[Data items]
● ● ●

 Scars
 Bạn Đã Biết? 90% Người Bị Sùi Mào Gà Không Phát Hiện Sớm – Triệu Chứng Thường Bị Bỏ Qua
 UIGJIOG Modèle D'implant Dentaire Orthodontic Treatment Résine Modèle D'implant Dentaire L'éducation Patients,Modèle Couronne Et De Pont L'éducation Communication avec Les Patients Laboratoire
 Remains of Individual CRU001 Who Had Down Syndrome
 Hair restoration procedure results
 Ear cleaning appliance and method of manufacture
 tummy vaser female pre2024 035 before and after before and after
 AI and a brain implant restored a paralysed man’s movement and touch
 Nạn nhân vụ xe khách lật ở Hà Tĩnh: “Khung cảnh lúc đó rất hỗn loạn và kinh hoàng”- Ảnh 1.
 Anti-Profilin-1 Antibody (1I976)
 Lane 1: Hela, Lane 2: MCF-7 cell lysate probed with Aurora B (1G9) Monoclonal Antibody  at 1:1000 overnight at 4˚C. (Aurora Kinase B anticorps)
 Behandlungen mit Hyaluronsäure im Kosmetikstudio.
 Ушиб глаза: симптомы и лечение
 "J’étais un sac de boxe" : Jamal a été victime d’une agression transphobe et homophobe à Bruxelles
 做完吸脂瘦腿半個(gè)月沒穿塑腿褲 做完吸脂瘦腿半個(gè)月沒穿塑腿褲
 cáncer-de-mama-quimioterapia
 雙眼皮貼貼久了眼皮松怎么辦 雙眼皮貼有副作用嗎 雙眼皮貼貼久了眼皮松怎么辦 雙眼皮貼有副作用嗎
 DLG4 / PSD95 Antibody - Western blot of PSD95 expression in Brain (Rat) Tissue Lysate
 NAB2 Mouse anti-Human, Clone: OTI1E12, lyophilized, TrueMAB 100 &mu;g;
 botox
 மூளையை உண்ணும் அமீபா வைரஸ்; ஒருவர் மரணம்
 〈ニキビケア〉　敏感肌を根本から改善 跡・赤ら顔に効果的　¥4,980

● ● ●

* Your task *
For this exercise, please copy exactly the lines from the one holding "UIGJIOG Modèle D'implant" through the end of the records, the first and last included.

* Exercise output *
 UIGJIOG Modèle D'implant Dentaire Orthodontic Treatment Résine Modèle D'implant Dentaire L'éducation Patients,Modèle Couronne Et De Pont L'éducation Communication avec Les Patients Laboratoire
 Remains of Individual CRU001 Who Had Down Syndrome
 Hair restoration procedure results
 Ear cleaning appliance and method of manufacture
 tummy vaser female pre2024 035 before and after before and after
 AI and a brain implant restored a paralysed man’s movement and touch
 Nạn nhân vụ xe khách lật ở Hà Tĩnh: “Khung cảnh lúc đó rất hỗn loạn và kinh hoàng”- Ảnh 1.
 Anti-Profilin-1 Antibody (1I976)
 Lane 1: Hela, Lane 2: MCF-7 cell lysate probed with Aurora B (1G9) Monoclonal Antibody  at 1:1000 overnight at 4˚C. (Aurora Kinase B anticorps)
 Behandlungen mit Hyaluronsäure im Kosmetikstudio.
 Ушиб глаза: симптомы и лечение
 "J’étais un sac de boxe" : Jamal a été victime d’une agression transphobe et homophobe à Bruxelles
 做完吸脂瘦腿半個(gè)月沒穿塑腿褲 做完吸脂瘦腿半個(gè)月沒穿塑腿褲
 cáncer-de-mama-quimioterapia
 雙眼皮貼貼久了眼皮松怎么辦 雙眼皮貼有副作用嗎 雙眼皮貼貼久了眼皮松怎么辦 雙眼皮貼有副作用嗎
 DLG4 / PSD95 Antibody - Western blot of PSD95 expression in Brain (Rat) Tissue Lysate
 NAB2 Mouse anti-Human, Clone: OTI1E12, lyophilized, TrueMAB 100 &mu;g;
 botox
 மூளையை உண்ணும் அமீபா வைரஸ்; ஒருவர் மரணம்
 〈ニキビケア〉　敏感肌を根本から改善 跡・赤ら顔に効果的　¥4,980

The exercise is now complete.